C1 point of intersection

Hi I would like to know how would you be able to find out the number of solutions to the equation without working it out? For example this question. I am referring to question 10. It doesn't ask for any working just simply state the number of solutions. However my initial guess would be that there will be 2. Thanks.

Also, I am wondering does the graph has to be really precise. Because sometimes I am not certain whether the turning point would be in the negative x axis or y axis. Since the question does not require me to use calculus... I have looked at the mark scheme, sometimes it doesnt show which side the turning point is specifically... So does it matter if I get the turning point in the wrong aide of the graph? Thanks!

Can you see why the number of solutions will be the same thing as the number of times the two curves you've sketched intersect one another?

If not, equate the two curves, expand and simplify, what do you get?

In the actual exam you will be expected to place the turning point in the correct quadrant at the very least and label it with co-ordinates. The questions are unlike these ones though so when doing these ones, I don't think it'd matter too much.

Why will the exam questions be different to these ones? I thought they are similar..

They're not. You'll see once you start doing past papers.

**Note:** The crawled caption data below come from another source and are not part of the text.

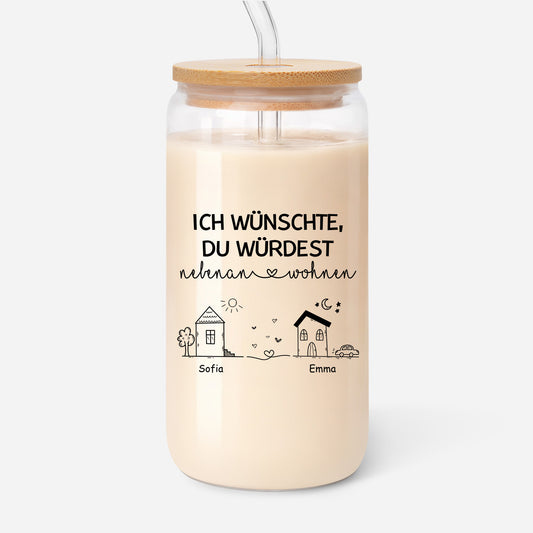 3535AGE1 ich wunschte du wurdest nebenan wohnen glas mit deckel und strohhalm personalisiert beste freundin 3535at6l5a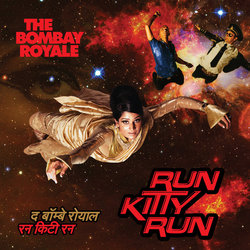 Run Kitty Run Trilha sonora (The Bombay Royale) - capa de CD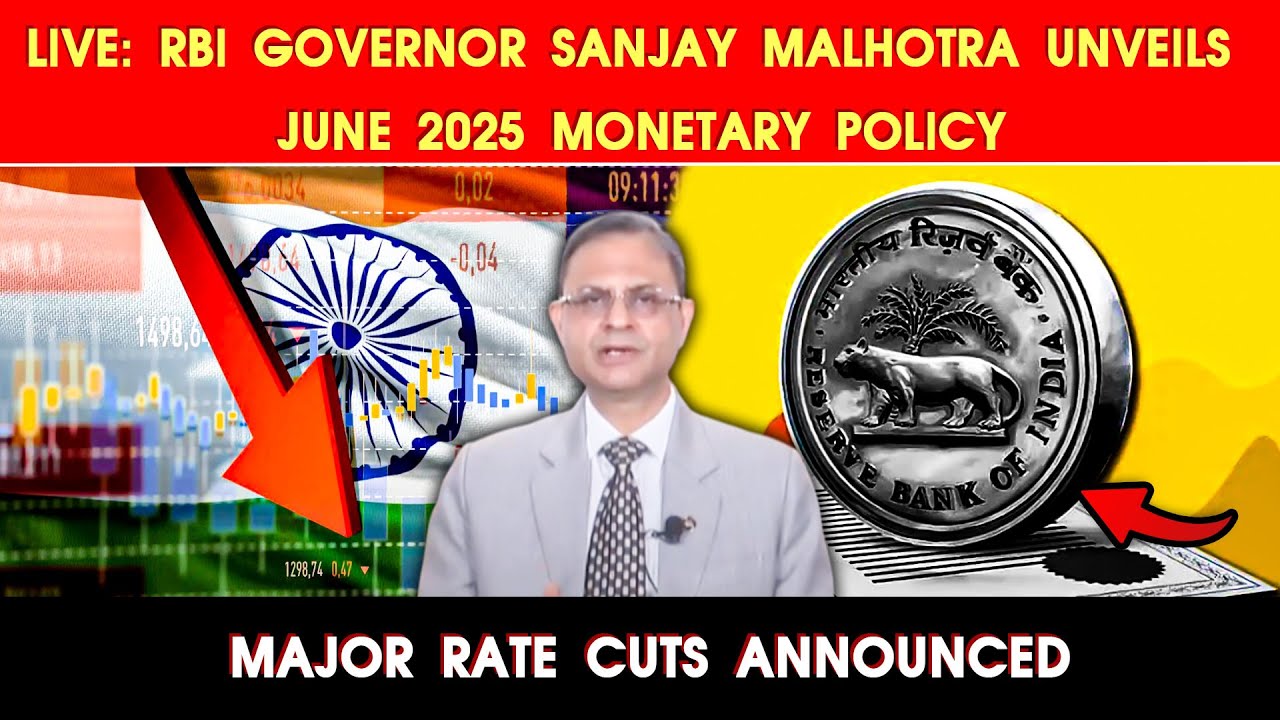 LIVE: RBI Governor Sanjay Malhotra Unveils June 2025 Monetary Policy &ndash; Major Rate&nbsp;Cuts&nbsp;Announced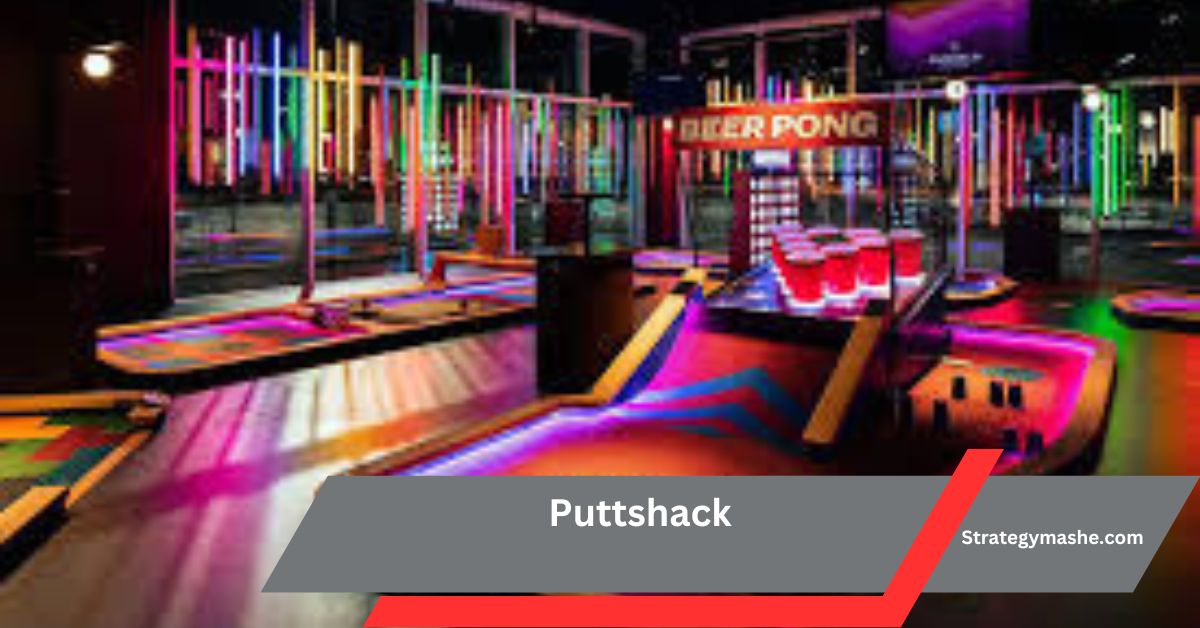 Puttshack – Ultimate Mini-Golf!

I am not quite sure what you mean here. I get that point of intersection is when two graphs cross at the same point. Of they cross once there will be one solution. However my graph will not be accurate as it's only a rough drawing. I wouldn't really know if they do cross in the negative axis unless I work it out. However the question does require me to, so I thought there will be a faster way to work this out maybe?

Basically the question is asking you to, from your rough sketch, state how many points of intersection there are. That's it. Use some logic to determine whether the two curves cross in the third quadrant or not, although you should have thought about that prior to drawing the sketch. Why don't you test some points. Is the first curve higher than the second for x = -1000? What about for x = -1? If it is still higher then there weren't any intersections, if one curves became higher then there must have been an intersection, etc...

Oh right. I guess that is same for turning points then. Thank you for helping again!